=== WHAT IS NEEDED ===
Only the lines from the top of the data through the line containing "MWG triển khai" should be duplicated, exactly as they appear.

=== Items from a dataset ===

========================

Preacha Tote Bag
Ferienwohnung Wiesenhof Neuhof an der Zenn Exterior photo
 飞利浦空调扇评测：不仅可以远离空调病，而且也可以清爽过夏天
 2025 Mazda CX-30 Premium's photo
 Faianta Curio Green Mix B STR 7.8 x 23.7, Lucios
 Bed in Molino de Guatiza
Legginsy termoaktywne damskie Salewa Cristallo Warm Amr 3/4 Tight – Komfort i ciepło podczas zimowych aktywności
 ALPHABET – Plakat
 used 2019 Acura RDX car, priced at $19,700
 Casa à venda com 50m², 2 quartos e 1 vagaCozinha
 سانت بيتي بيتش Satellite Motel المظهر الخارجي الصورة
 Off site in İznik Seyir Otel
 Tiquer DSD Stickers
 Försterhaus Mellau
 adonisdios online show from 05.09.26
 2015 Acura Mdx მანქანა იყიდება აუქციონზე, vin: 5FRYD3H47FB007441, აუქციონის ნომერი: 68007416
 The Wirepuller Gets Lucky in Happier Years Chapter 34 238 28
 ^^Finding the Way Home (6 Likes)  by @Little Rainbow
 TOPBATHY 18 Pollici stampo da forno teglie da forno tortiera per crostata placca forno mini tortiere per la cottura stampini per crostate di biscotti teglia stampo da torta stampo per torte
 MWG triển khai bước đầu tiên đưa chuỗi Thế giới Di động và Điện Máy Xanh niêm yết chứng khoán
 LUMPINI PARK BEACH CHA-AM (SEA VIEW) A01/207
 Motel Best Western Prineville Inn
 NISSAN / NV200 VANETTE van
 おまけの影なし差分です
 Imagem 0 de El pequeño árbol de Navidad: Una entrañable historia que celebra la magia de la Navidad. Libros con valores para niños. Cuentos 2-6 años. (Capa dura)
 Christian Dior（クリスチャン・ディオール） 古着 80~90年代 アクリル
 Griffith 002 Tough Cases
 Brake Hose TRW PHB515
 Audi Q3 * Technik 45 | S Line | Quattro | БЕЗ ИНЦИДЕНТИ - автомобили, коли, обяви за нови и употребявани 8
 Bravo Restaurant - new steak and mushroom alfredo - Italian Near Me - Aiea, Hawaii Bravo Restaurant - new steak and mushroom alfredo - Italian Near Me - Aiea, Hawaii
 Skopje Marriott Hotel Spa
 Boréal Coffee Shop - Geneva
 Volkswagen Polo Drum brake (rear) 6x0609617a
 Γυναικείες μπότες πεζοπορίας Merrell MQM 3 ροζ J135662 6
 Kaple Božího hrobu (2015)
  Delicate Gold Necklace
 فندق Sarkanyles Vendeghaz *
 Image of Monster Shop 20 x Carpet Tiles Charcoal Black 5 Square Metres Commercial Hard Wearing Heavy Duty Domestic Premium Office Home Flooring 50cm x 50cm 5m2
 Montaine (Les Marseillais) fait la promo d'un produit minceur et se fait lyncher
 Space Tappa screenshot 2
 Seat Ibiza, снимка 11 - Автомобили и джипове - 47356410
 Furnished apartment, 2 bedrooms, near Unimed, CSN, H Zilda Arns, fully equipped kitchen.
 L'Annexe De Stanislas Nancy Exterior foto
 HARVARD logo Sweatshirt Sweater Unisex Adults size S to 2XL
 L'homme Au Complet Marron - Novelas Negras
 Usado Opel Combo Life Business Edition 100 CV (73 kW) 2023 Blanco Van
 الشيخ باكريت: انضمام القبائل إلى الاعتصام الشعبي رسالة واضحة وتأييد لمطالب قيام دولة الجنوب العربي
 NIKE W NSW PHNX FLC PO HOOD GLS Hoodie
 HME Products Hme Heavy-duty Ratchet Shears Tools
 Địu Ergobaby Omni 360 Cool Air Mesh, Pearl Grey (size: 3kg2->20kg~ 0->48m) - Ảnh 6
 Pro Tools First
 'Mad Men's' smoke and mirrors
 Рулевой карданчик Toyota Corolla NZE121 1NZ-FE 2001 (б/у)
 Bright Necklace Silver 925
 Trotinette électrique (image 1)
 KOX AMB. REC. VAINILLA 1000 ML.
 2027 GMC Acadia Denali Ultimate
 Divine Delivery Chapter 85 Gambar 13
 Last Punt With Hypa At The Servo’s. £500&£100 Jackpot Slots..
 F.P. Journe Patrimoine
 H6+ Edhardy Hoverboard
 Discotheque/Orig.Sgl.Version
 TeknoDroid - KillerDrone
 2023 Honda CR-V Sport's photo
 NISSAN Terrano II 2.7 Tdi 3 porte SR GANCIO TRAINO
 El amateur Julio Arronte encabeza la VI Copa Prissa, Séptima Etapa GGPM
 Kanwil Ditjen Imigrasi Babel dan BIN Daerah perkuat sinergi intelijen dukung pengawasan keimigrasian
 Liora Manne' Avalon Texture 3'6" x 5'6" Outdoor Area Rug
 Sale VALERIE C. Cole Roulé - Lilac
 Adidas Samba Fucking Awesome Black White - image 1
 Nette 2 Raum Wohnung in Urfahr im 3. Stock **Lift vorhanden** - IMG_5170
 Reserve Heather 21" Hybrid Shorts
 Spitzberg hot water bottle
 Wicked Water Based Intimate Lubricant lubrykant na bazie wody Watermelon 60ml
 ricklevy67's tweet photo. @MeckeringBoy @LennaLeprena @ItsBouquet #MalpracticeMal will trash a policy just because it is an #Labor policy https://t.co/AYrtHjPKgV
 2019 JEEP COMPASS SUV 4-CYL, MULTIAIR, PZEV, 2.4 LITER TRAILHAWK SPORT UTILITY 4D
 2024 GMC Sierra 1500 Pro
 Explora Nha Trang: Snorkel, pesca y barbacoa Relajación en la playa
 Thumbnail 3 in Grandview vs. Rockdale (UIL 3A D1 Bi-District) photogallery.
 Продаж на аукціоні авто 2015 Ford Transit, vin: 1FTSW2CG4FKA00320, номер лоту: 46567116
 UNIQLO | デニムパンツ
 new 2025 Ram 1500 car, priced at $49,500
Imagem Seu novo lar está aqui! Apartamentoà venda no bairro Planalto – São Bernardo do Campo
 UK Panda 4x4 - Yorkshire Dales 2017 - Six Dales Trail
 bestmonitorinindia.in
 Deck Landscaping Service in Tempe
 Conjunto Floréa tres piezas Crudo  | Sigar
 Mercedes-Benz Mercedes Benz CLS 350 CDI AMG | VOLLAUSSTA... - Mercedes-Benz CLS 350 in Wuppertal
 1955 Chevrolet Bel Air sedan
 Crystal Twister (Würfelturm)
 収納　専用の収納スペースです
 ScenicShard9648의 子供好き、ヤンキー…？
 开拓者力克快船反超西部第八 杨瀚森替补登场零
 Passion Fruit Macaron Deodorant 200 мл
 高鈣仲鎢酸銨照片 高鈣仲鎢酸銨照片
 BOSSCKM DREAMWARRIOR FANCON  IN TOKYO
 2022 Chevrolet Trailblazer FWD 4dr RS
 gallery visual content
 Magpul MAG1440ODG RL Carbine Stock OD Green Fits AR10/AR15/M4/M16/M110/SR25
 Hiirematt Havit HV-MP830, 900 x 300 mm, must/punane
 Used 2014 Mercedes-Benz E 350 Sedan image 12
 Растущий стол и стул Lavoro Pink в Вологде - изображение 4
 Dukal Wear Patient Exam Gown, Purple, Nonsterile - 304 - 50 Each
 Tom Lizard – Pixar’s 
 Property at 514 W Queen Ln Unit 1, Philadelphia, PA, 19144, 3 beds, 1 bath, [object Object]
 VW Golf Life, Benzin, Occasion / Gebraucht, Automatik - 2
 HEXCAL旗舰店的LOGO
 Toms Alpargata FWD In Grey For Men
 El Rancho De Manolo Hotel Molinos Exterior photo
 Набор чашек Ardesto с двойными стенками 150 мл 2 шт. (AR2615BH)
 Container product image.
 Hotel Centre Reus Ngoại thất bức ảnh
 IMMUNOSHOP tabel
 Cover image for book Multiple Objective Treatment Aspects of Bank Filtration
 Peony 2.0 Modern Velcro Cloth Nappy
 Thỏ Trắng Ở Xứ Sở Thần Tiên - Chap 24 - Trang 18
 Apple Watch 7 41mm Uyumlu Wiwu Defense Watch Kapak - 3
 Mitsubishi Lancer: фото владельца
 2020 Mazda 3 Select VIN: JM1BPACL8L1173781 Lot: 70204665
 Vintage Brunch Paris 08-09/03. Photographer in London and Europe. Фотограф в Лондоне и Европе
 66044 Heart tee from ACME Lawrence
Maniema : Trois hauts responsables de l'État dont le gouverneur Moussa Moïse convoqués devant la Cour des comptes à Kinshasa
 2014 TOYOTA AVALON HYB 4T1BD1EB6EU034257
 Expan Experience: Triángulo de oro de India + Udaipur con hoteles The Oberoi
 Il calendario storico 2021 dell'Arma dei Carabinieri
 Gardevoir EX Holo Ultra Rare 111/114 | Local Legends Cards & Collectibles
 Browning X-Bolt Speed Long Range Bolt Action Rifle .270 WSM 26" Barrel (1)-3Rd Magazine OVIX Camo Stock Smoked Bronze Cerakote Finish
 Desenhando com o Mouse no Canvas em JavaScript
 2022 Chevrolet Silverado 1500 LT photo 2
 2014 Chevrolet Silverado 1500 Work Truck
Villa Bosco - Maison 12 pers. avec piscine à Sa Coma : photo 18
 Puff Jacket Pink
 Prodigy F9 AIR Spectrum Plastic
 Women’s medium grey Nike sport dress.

========================

=== TASK SOLUTION ===
Preacha Tote Bag
Ferienwohnung Wiesenhof Neuhof an der Zenn Exterior photo
 飞利浦空调扇评测：不仅可以远离空调病，而且也可以清爽过夏天
 2025 Mazda CX-30 Premium's photo
 Faianta Curio Green Mix B STR 7.8 x 23.7, Lucios
 Bed in Molino de Guatiza
Legginsy termoaktywne damskie Salewa Cristallo Warm Amr 3/4 Tight – Komfort i ciepło podczas zimowych aktywności
 ALPHABET – Plakat
 used 2019 Acura RDX car, priced at $19,700
 Casa à venda com 50m², 2 quartos e 1 vagaCozinha
 سانت بيتي بيتش Satellite Motel المظهر الخارجي الصورة
 Off site in İznik Seyir Otel
 Tiquer DSD Stickers
 Försterhaus Mellau
 adonisdios online show from 05.09.26
 2015 Acura Mdx მანქანა იყიდება აუქციონზე, vin: 5FRYD3H47FB007441, აუქციონის ნომერი: 68007416
 The Wirepuller Gets Lucky in Happier Years Chapter 34 238 28
 ^^Finding the Way Home (6 Likes)  by @Little Rainbow
 TOPBATHY 18 Pollici stampo da forno teglie da forno tortiera per crostata placca forno mini tortiere per la cottura stampini per crostate di biscotti teglia stampo da torta stampo per torte
 MWG triển khai bước đầu tiên đưa chuỗi Thế giới Di động và Điện Máy Xanh niêm yết chứng khoán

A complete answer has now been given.